Ученый не ошибся: мир действительно стал иным. Несравненно более хрупким. Повис на ниточке, которую в лихую минуту может перерезать какой-нибудь подонок, обладающий внушительным ядерным потенциалом и уверенный, что он успеет первым, исключив вероятность ответного удара. Или не уверен в этом, и потому со средневековым мракобесным фанатизмом убеждает себя: «Они сдохнут, а мы окажемся в раю».
И не случайно фильм Нолана заканчивается изображением земного шара, которого охватывает атомный пожар.

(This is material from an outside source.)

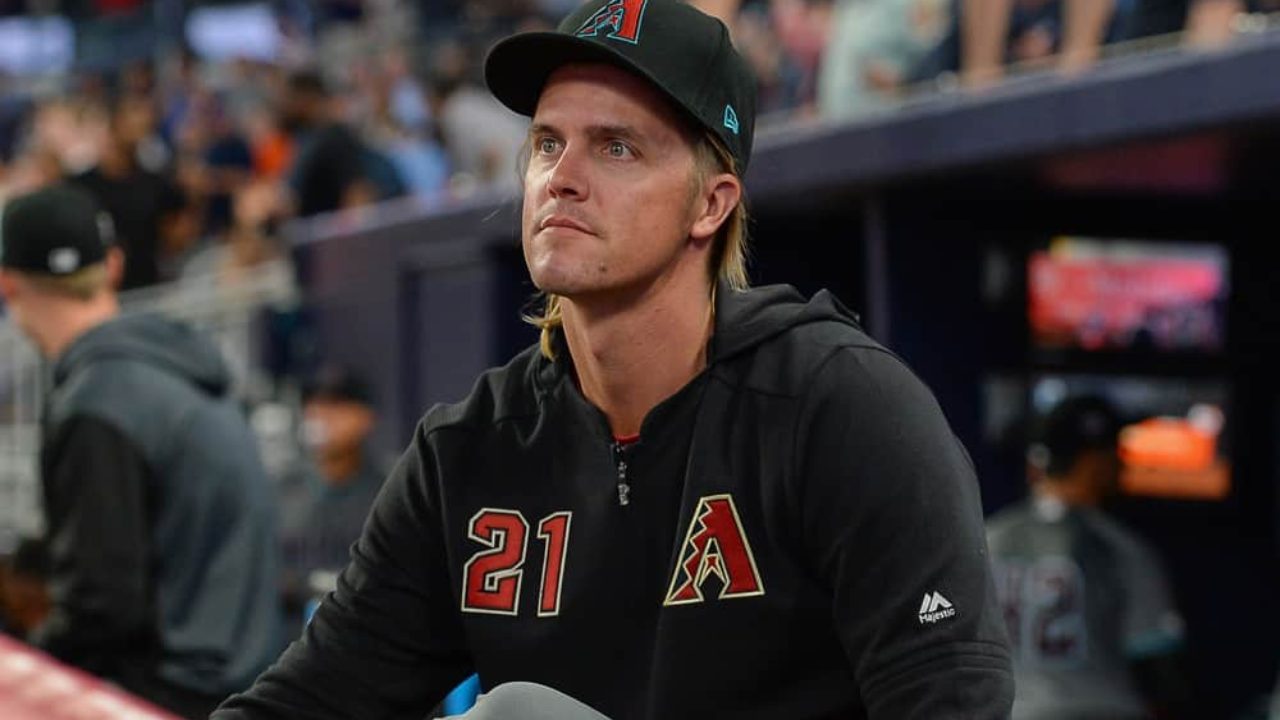 MLB on X: Zack Greinke joins elite company, becoming only the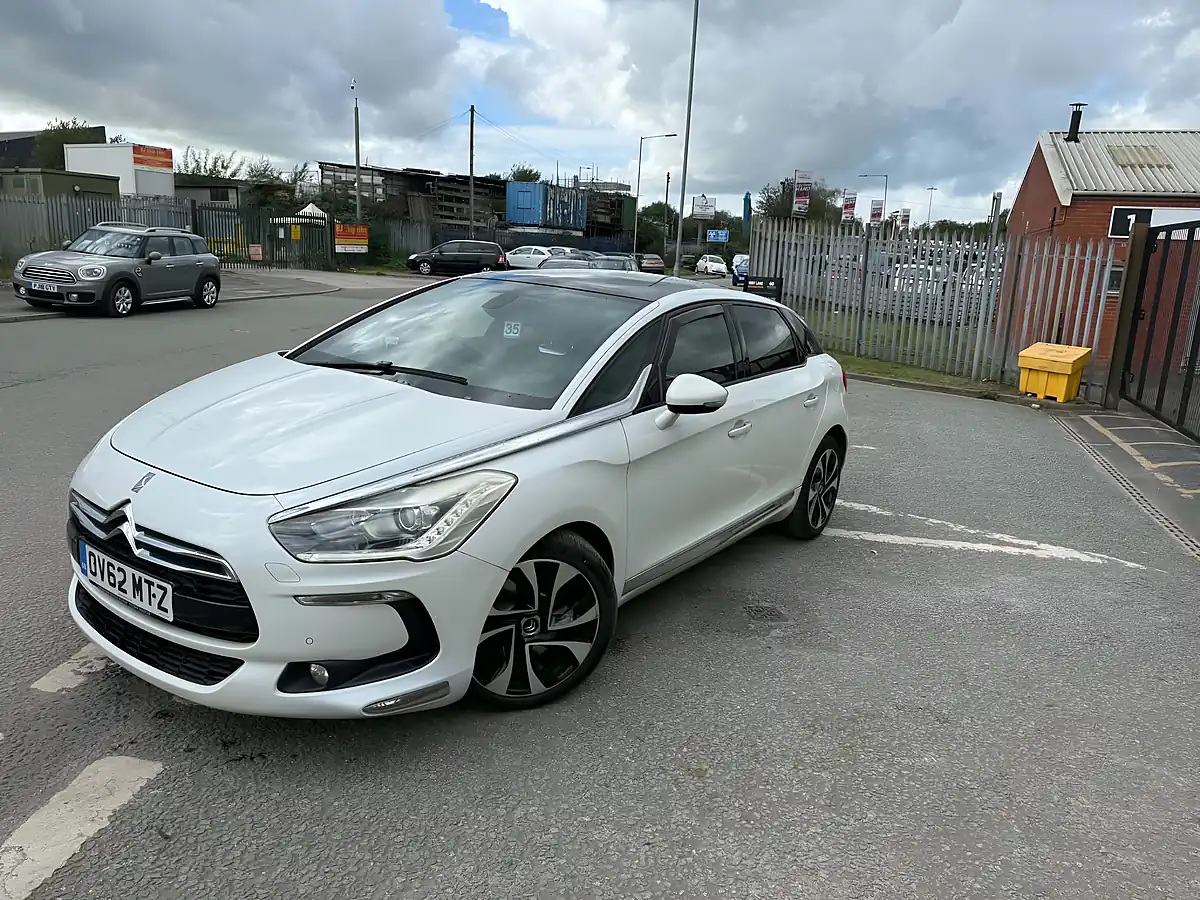 Used 2012 Citroen DS5 Sport - Interior and Exterior details 3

Последний довод короля. После «Довода»
Кристофер Нолан – великий мастер того жанра, который не причислишь ни к science fiction, ни к fantasy, хотя вы же не скажете, что «Бэтмен», «Интерстеллар», «Темный рыцарь» и снятый частично у нас, а потому мы относимся к нему с особой ревностью, «Довод» - это реализм. Законы физики в его картинах не работают, зато работают те законы, которые он сам признает и ставит над собой – и по каким, как мы знаем от Пушкина, только и возможно судить художника.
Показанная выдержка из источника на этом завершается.